I am tasked with rewriting our internal conversion software from vb6 to C# .net 4. The software will take a data source (it could be a flat file, mySQL, MS SQL, Access) and put it in to our MS SQL format. So yes I as the client I need to touch all 4,000,000 rows. Right now I am writing a MS SQL -> MS SQL module. Because I need to do many row functions to get it in our format (one example is the source database will put a person's full name in one field and we use a field for first and a field for last) I thought it would be a good time to use Parallel.ForEach
Also the SqlDataReader
only holds the current row in memory so I do not need to worry about out of memory exceptions on the large datasets.
My pipelined system is like this
MS SQL Database --> SqlDataAdapter --> DataRow(multitheaded step) --> BlockingCollection -> SqlBulkCopy feeding off of a GetConsumingEnumerable(multitheaded step)
Here is a snippet of what I have so far, Is there anything I am doing wrong for the parallel processing?
protected BlockingCollection<DataRow> _DestRowCollection; //Has a capacty of 100,000 rows
protected override void Conversion()
{
_CancelationToken.ThrowIfCancellationRequested(); // check to see if we are cancelled before we start.
ParallelOptions opt = new ParallelOptions();
opt.CancellationToken = _CancelationToken;
// Consumer to the ForEach producer to the bulk insert.
BulkCopyManager bcm = new BulkCopyManager(opt, _DestRowCollection, new CVT.IDAT_CLIENTSDataTable(), _CancelationToken, FrameworkGlobals.CVTConnectionString, "IDAT_CLIENTS");
using (SqlConnection connection = new SqlConnection(FrameworkGlobals.CVTConnectionString))
{
connection.Open();
using (SqlCommand cmd = new SqlCommand("truncate table IDAT_CLIENTS", connection))
{
cmd.ExecuteNonQuery();
}
}
using (SqlConnection connection = new SqlConnection(ConversionGlobals.DataSourceConnectionString))
{
connection.Open();
using (SqlCommand command = new SqlCommand("Select count(*) from client", connection))
{
var temp = command.ExecuteScalar();
if(temp.GetType() == typeof(int))
_rowCount = (long)(int)temp;
else
_rowCount = (long)temp;
}
using (SqlCommand command = new SqlCommand("Select * from client", connection))

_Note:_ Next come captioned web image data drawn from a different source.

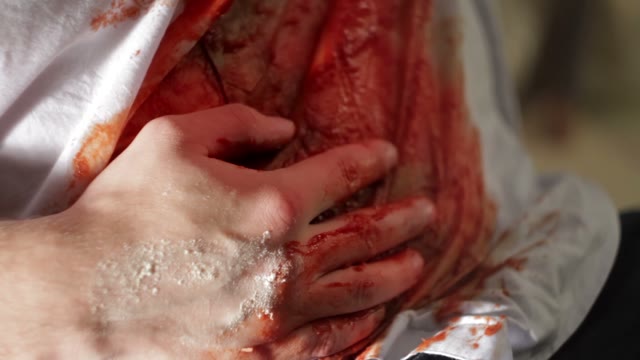 Man With A Bleeding Wound Close-up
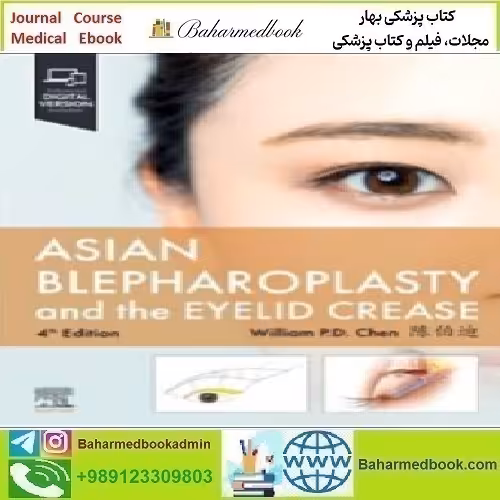 Asian Blepharoplasty and the Eyelid Crease 4th Edition 2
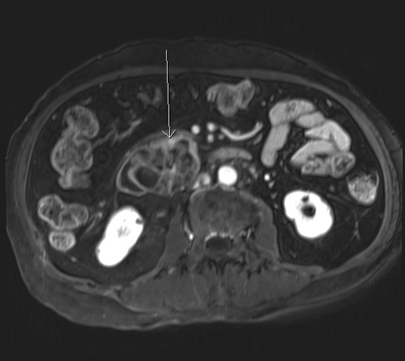 胰臟頭部胰管內乳頭狀黏液性腫瘤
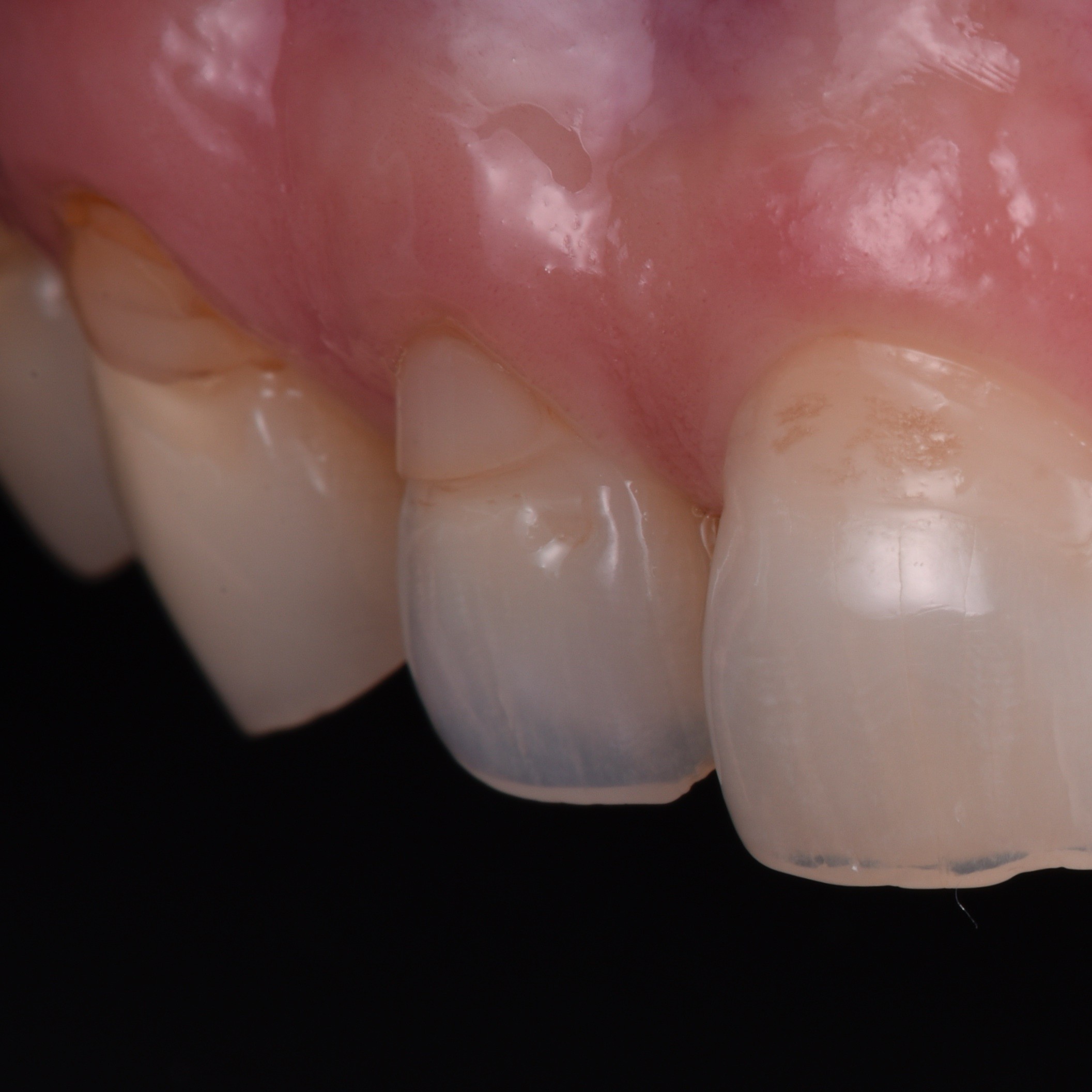 posterior-perfection-anterior-artistry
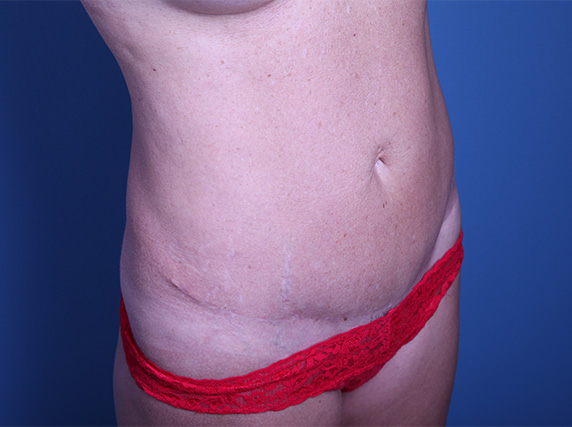 after Tummy Tuck female patient right angle view case 3380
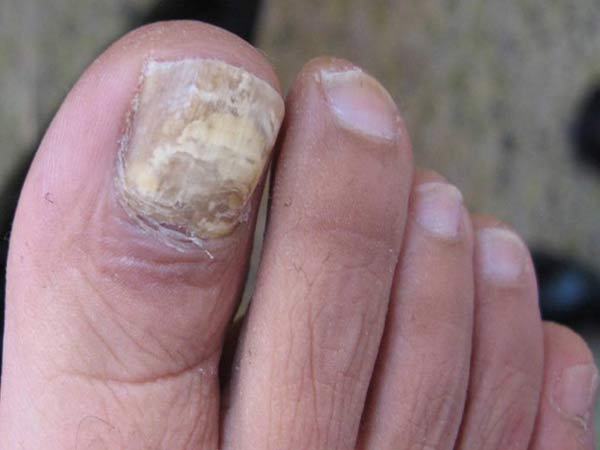 灰指甲初期有什么症状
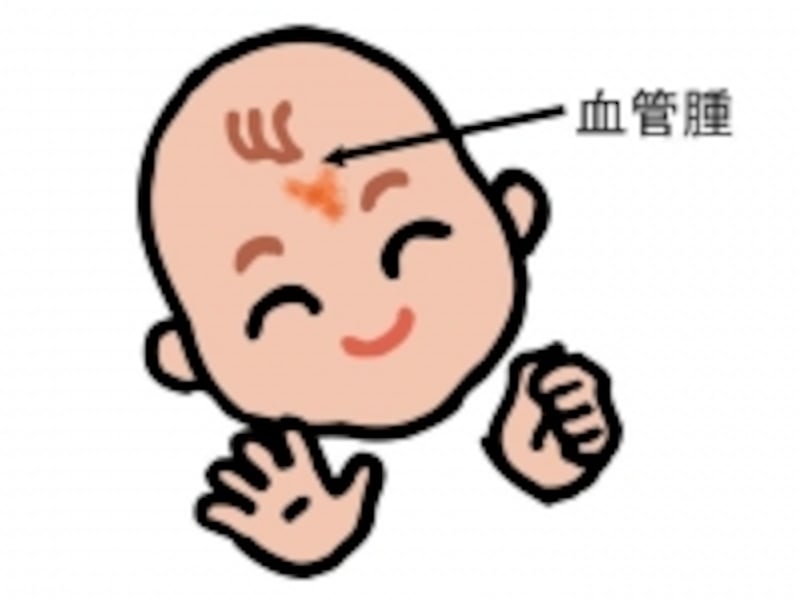 サーモンパッチ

using (var reader = command.ExecuteReader())
{
Parallel.ForEach<IDataRecord, CVT.IDAT_CLIENTSDataTable>(
reader.AsEnumerable(), //Soruce
opt, //parralel options
new Func<CVT.IDAT_CLIENTSDataTable>(InitlizeConvertRowThread), //thread initlizer
new Func<IDataRecord, ParallelLoopState, CVT.IDAT_CLIENTSDataTable, CVT.IDAT_CLIENTSDataTable>(ConvertRow), //Action
new Action<CVT.IDAT_CLIENTSDataTable>(FinilizeConvertRowThread)); //thread finalizer
_DestRowCollection.CompleteAdding();
}
}
BuildDiscounts();
bcm.WaitForCompleation();
bcm.Dispose();
RaiseComplete();
}
private CVT.IDAT_CLIENTSDataTable InitlizeConvertRowThread()
{
CVT.IDAT_CLIENTSDataTable dt = new CVT.IDAT_CLIENTSDataTable();
dt.BeginLoadData();
return dt;
}
protected virtual CVT.IDAT_CLIENTSDataTable ConvertRow(IDataRecord sourceRecord, ParallelLoopState loopState, CVT.IDAT_CLIENTSDataTable initlizedTable)
{
//If the task has been canceled tell all of the threads to stop as soon as possible.
if (_CancelationToken.IsCancellationRequested)
{
loopState.Stop();
return initlizedTable;
}
CVT.IDAT_CLIENTSRow row = initlizedTable.NewIDAT_CLIENTSRow();
if (sourceRecord[0] == DBNull.Value)
{
IncrementProgress();
return initlizedTable;
}
row.CleanAndAdd(_DestRowCollection); //Does the data validation and adds it to the collection if valid.
return initlizedTable;
}
private void FinilizeConvertRowThread(CVT.IDAT_CLIENTSDataTable dt)
{
dt.Dispose();
}
One thing that i did that was "clever" (Which is almost always bad) is the BulkCopyManager will keep a ratio of producers and consumers so if _DestRowCollection
is less than 1/3 full it will increase opt.MaxDegreeOfParalleism
by one until it is equal the number of cores in the system - 1 (in a single core system it sets it to 1) and kills off a thread doing bulk inserts. it does the opposite if over 2/3 full.
So my question is, as any time anyone codes on something they have never done before, where did I screw up?